Ullathai Allitha is heavily based on the Tamils film Bommalattam (1968) and Sabaash Meena (1958). The film was scored by Sirpy, photographed by U. K. Senthil Kumar and edited by B. S. Vasu, with filming taking place predominantly in the Fernhills Palace, Ooty. It was released on 15 January 1996 and became a commercial success.

Plot 
Raja is the only son of retired military colonel Chandrasekhar, who raises his son very strictly. Chandrasekhar decides to get Raja married to his friend Viswanathan's daughter Indhu. Vishwanathan is one of the richest men in Ooty and is a tea estate owner. Raja misunderstands another girl as Indhu (Chandrasekhar's nephew Shankar switched Indhu's photo with another girl) and decides to run away from Chennai to escape the forced marriage. Unknown to Chandrasekhar, Shankar plans to grab his properties by triggering Raja to leave the house.

Raja runs away and reaches Ooty, where he meets Vasu, a con artist, and despite initial setbacks both become friends. One day, Raja sees Indhu in Ooty and gets attracted towards her, not knowing that she was the girl fixed for him by his father.
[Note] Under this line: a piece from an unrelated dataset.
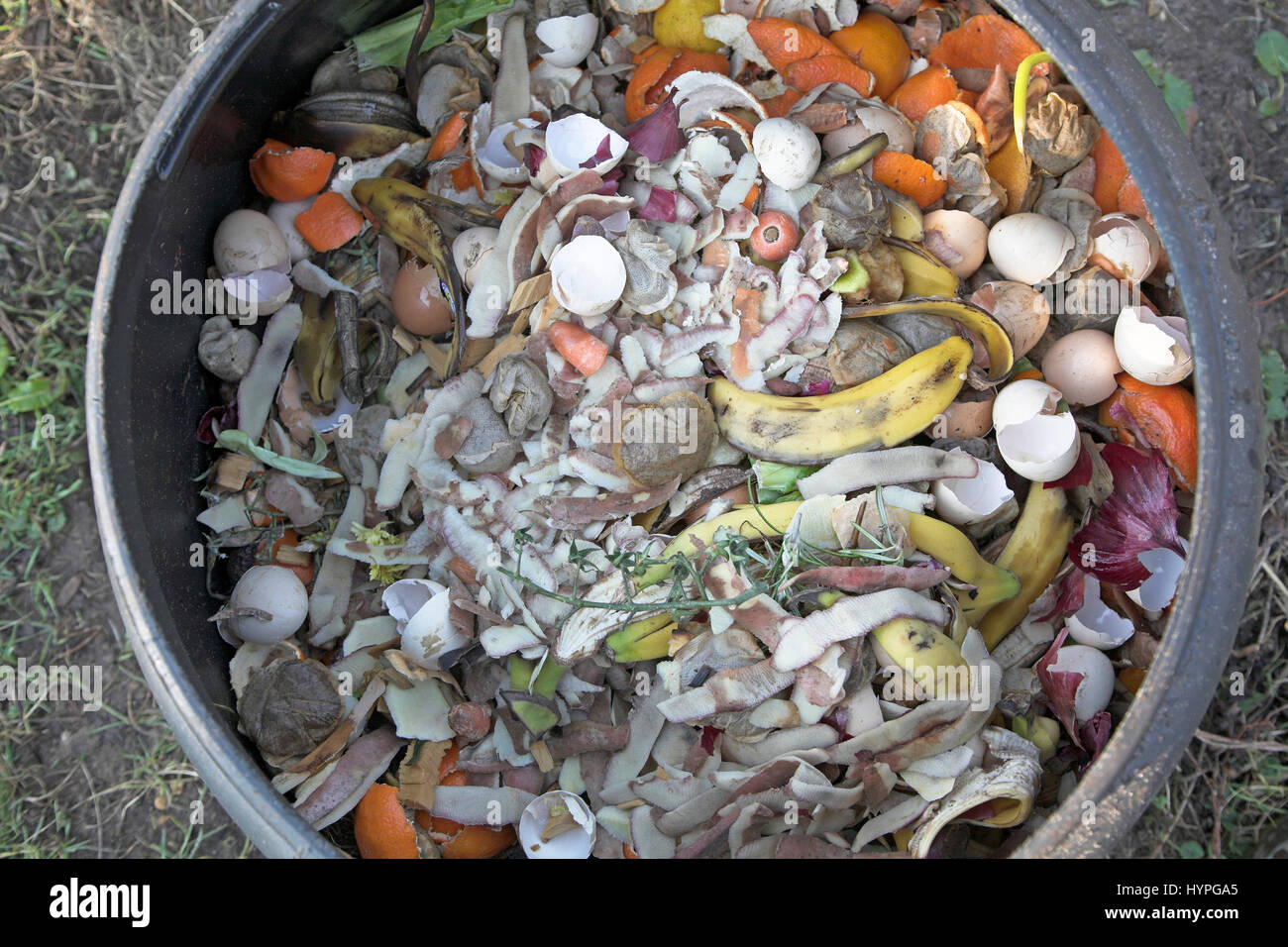 Compost bin organic food waste viewed from above Stock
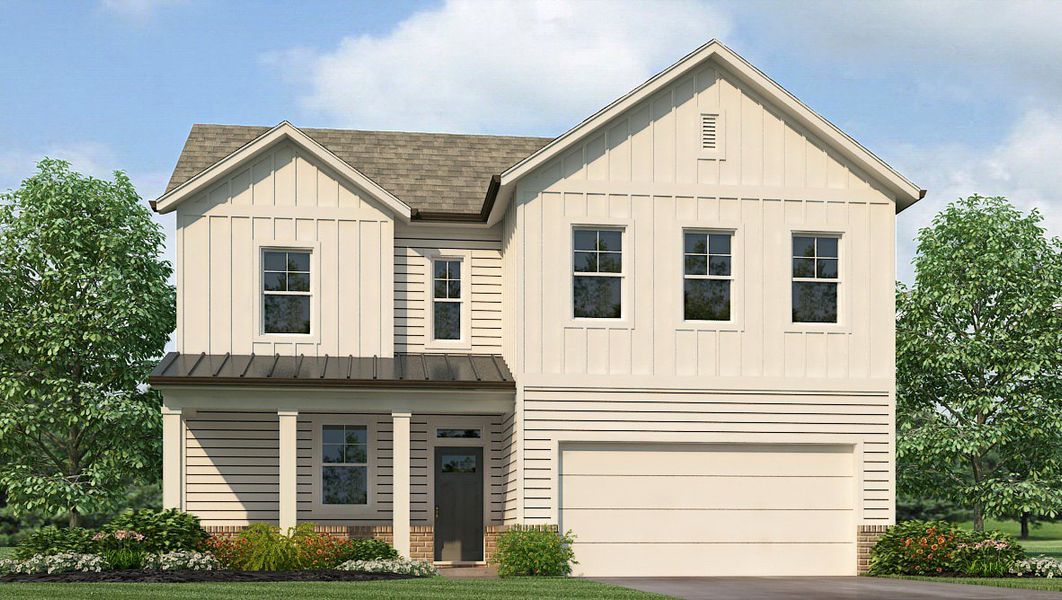 Representative exterior photo of a completed home built from the Belfort by D.R. Horton in Hamptons at Riverwood North, Dallas, GA (Image 15).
Raja follows Indhu and finds her home. Later Raja secures a driver job in Viswanathan's home to woo Indhu.

Raja gives his family ring to Vasu to prevent him from disclosing the truth to Viswanathan, but Viswanathan misunderstands that Vasu is Chandrasekhar's son as he wears the ring now. Viswanathan brings Vasu to his home and introduces him as Indhu's fiancé. One day, a gang tries to attack Vasu, but he is saved by Raja, which makes him understand that there is someone looking out to kill him, so Raja decides to remain in the identity of a driver to unearth the reason behind the goons trying to attack him.

Viswanathan informs Chandrasekhar that his son is found but asks him not to come immediately to see him as he dislikes his father. Meanwhile, at Ooty, Raja tries to impress Indhu, while Vasu is attracted towards Viswanathan's personal secretary Meena. Slowly, love blossoms between Indhu and Raja. Suddenly, Chandrasekhar comes to Ooty to Viswanathan's home to meet Raja. A problem erupts as Raja is in the guise of a driver. Both Raja and Vasu try to manage by roaming together for a few days so that they can convince both Viswanathan and Chandrasekhar.

Meanwhile, Shankar gets furious upon knowing that Raja is found. He befriends Kasinathan, who is Viswanathan's twin brother. However, Kasinathan is a criminal who has just been released from jail. They kidnap Viswanathan, and now, Kasinathan comes to Viswanathan's place so that he can enjoy all the properties and wealth. Doubt erupts for Raja and Vasu upon seeing Kasinathan as he spends money lavishly, compared to Viswanathan, who is very stingy.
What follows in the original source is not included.